Hence, it appears that Mr Sharif not only concealed his assets to the tune of Rs 45 million but also misreported in the wealth statement for the tax year 2013. The JIT has also disputed Mr Sharif’s claim about the assets of his father.

In his address to the nation and speech on the floor of the National Assembly, the Prime Minister claimed that his father owned multimillion rupees assets in the 1970’s before the industry was nationalised; “a claim that cannot be ascertained through his personal tax returns as well as of the parents.”

The JIT concludes that “The facts provided by Sharif family show that Respondent No 1 (Mr Sharif), ostensibly, has confined his role to that of an equity holder only in the family owned businesses, who does not hold any formal position or role in running the businesses and is not a Director on any Board. Apparently the objective of such stance is to distance himself from a formal role in running of the businesses in strictest regulatory and legal sense. However, on the other hand, it is also evident that he is enjoying pecuniary benefits, other than dividends from these businesses in the shape of unexplained inflows in his personal bank accounts, on a fairly regular basis, from the business profits of his son and businesses run by him purportedly as gifts”.

The JIT report also states that the evidence collected reveals that Mr Sharif, infact, was the Chairman of the Board, drawing salary from Capital FZE; a company owned by his son. This fact was not disclosed in any statutory returns/declarations before the authorities in Pakistan; be it the Income Tax returns or the Filings before the Election Commission of Pakistan.

“The above facts depict that (Mr Sharif) Respondent No. 1 was enjoying monetary benefits from the family businesses, other than dividends in his declared capacity of equity holder. Moreover, he was maintaining an active operational link with his family owned businesses, contrary to his publically held position, that he is not actively involved in the family business and is devoting his entire life to his occupation as a politician.”

The JIT has also disputed another claim made by the PM.

As per claims of Mian Nawaz Sharif, his business empire/ assets is based on his inherited money from his father who owned millions of rupees in the 70s.

“The financial analysis of Mian Muhammad Sharif does not substantiate this claim. An exorbitant hike in buildup of his assets is observed during his first tenure of Premiership, however, inflows mentioned in his tax returns is not commensurate with his growth which leads to the presumption that this empire was not based on legal monetary sources.”

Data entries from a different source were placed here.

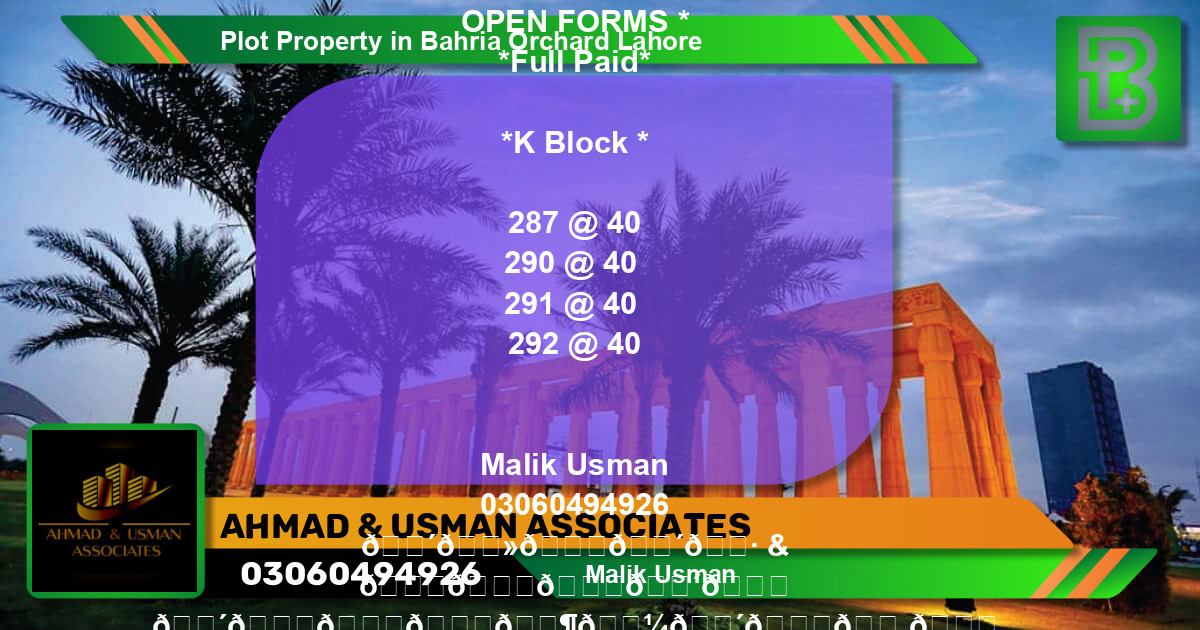 Residential Plot for Sale in Bahria Orchard, Lahore - (BP-69656)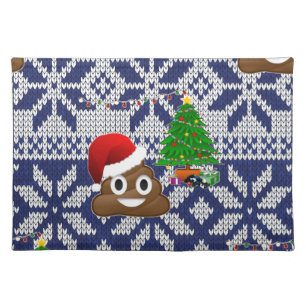ugly Christmas sweater poop emoji Cloth Placemat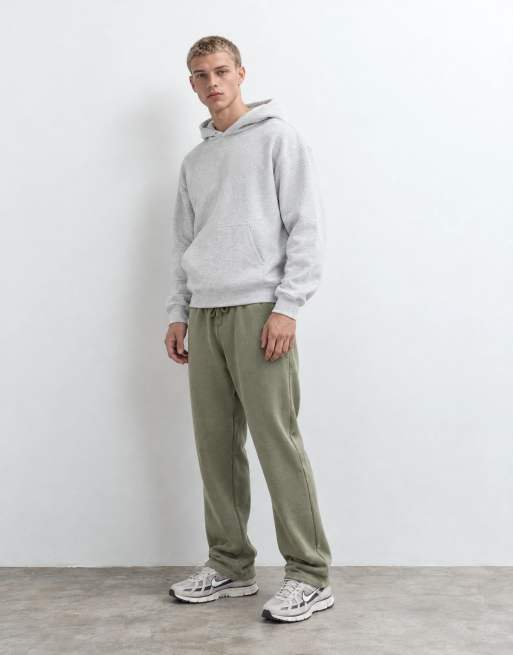 ASOS DESIGN jogger premium de tejido grueso recto lavado en caqui, 6 de 9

An anomaly of opening benami accounts in the names of Qazi family, Saeed Ahmed etc., and source of inflow in these accounts was not clarified by the respondents. These benami accounts were used as collateral for acquisition of loans and also for moving funds abroad to build Sharif family’s assets in Pakistan as well as in UK.

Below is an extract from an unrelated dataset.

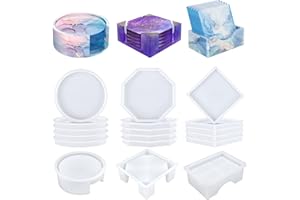 KISREL 18 Pieces Thicken Resin Coaster Molds, Upgrade Coaster Molds for Epoxy Resin, Coaster Resin Mold with Storage Box Mold for DIY Art Craft Cup Mats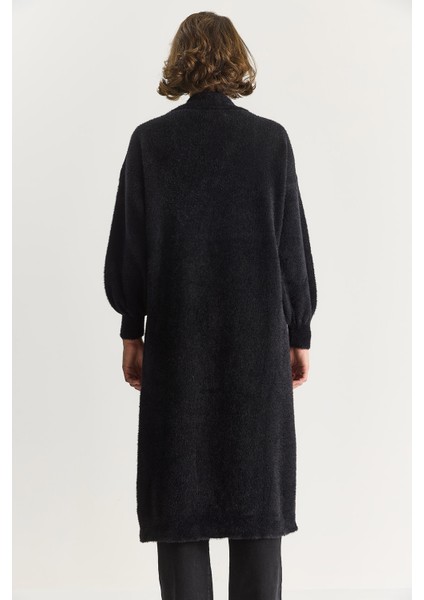 Kadın Şal Yaka Yumuşak Dokulu Sakallı Uzun Triko Yumoş Hırka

Also, the JIT in its voluminous report has refuted Prime Minister Nawaz Sharif’s claim that he has nothing to do with the family business.

According to the report, Mr Sharif declared himself “self-employed” while opening accounts as CEO of Chaudhry Sugar Mills.

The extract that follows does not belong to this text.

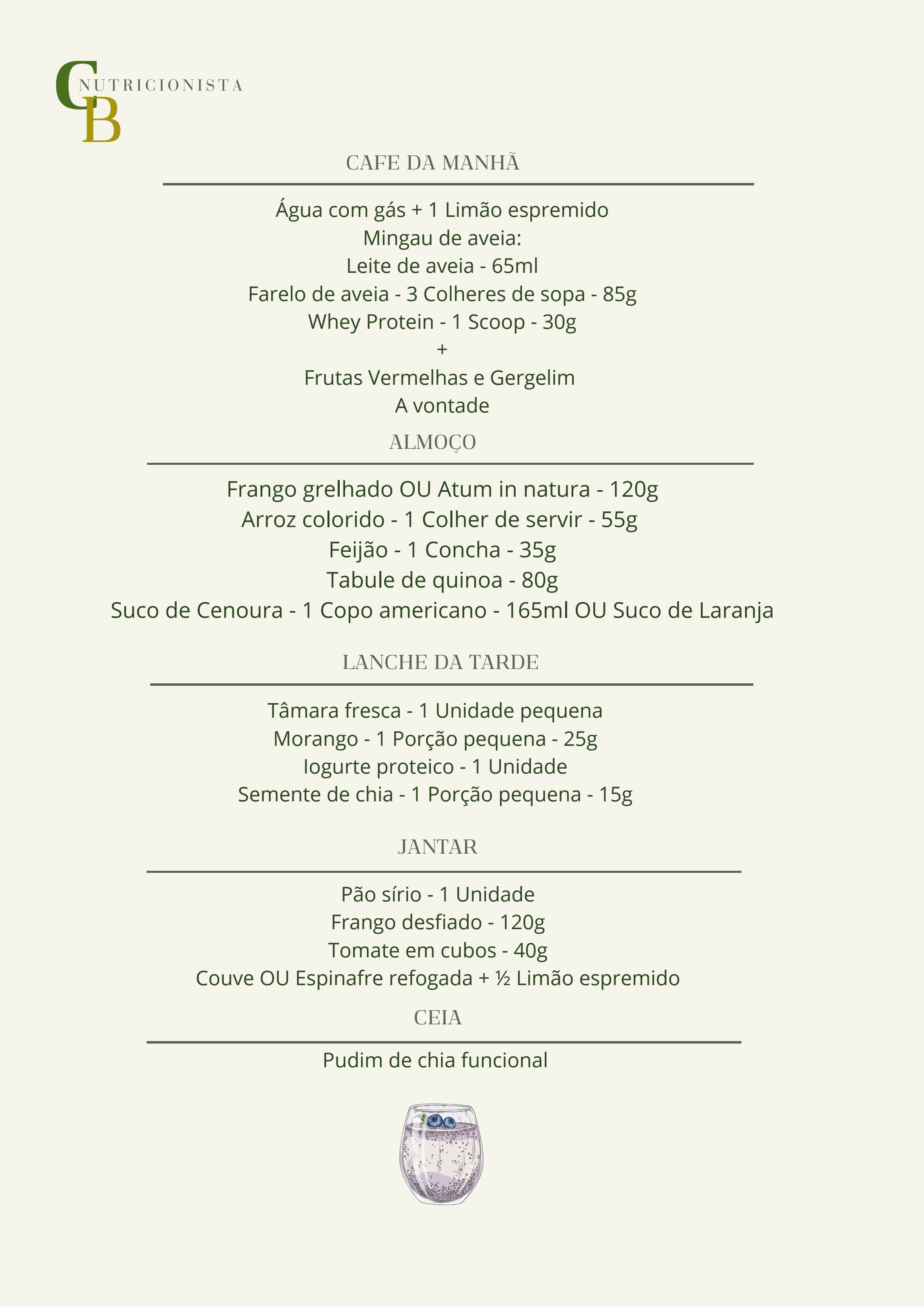 Página do plano alimentar com refeições do dia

During evaluation of evidences and record collected from different banks by the JIT , it was noted that he opened five accounts in Pak rupee and three in foreign currency in four different banks during the period from July 1, 2009 till date.

In the bank account opening forms submitted to the bank, he mentioned his occupation as “self employed” and name of the employer/ business as ‘Chaudhry Sugar Mills Limited’ (CSML).

In two of the accounts opened at Standard Chartered Bank (Pakistan) Limited, he showed himself as CEO of the Chaudhry Sugar Mills Limited while in an account opened at ABL, he had showed his designation as a “shareholder”.

On December 31, 2008, Mr Sharif held 1.6 million shares of CSML, which increased to 2.01 million January 31-1-2013 and 12 million on January 31, 2016.

During 2010 to 2013, he received regular salary from CSML on a monthly basis (Rs.24.372 million in aggregate).

During 2010-11, an amount of Rs. 560,000 per month was received by him for nine months while the amount was increased to Rs 800,000 per month during 2011-12.

Similarly, Rs 820,417 per month was received during the first 11 months of 2012-13. “Contrary to his publicly held stance that he had no role or involvement with the family business; he was drawing monthly salary from CSML. The drawing of salary from CSML is also disclosed in the Income Tax returns filed by him”.

The JIT report says that in addition to this, a couple of financial transactions of of Mr Sharif with CSML were also observed.

For example, the JIT report said, on June 28, 2010, CSML transferred Rs 5.670 million in his account. Similarly, on September 23,2015, Rs 18.019 million was transferred by Mr Sharif to CSML.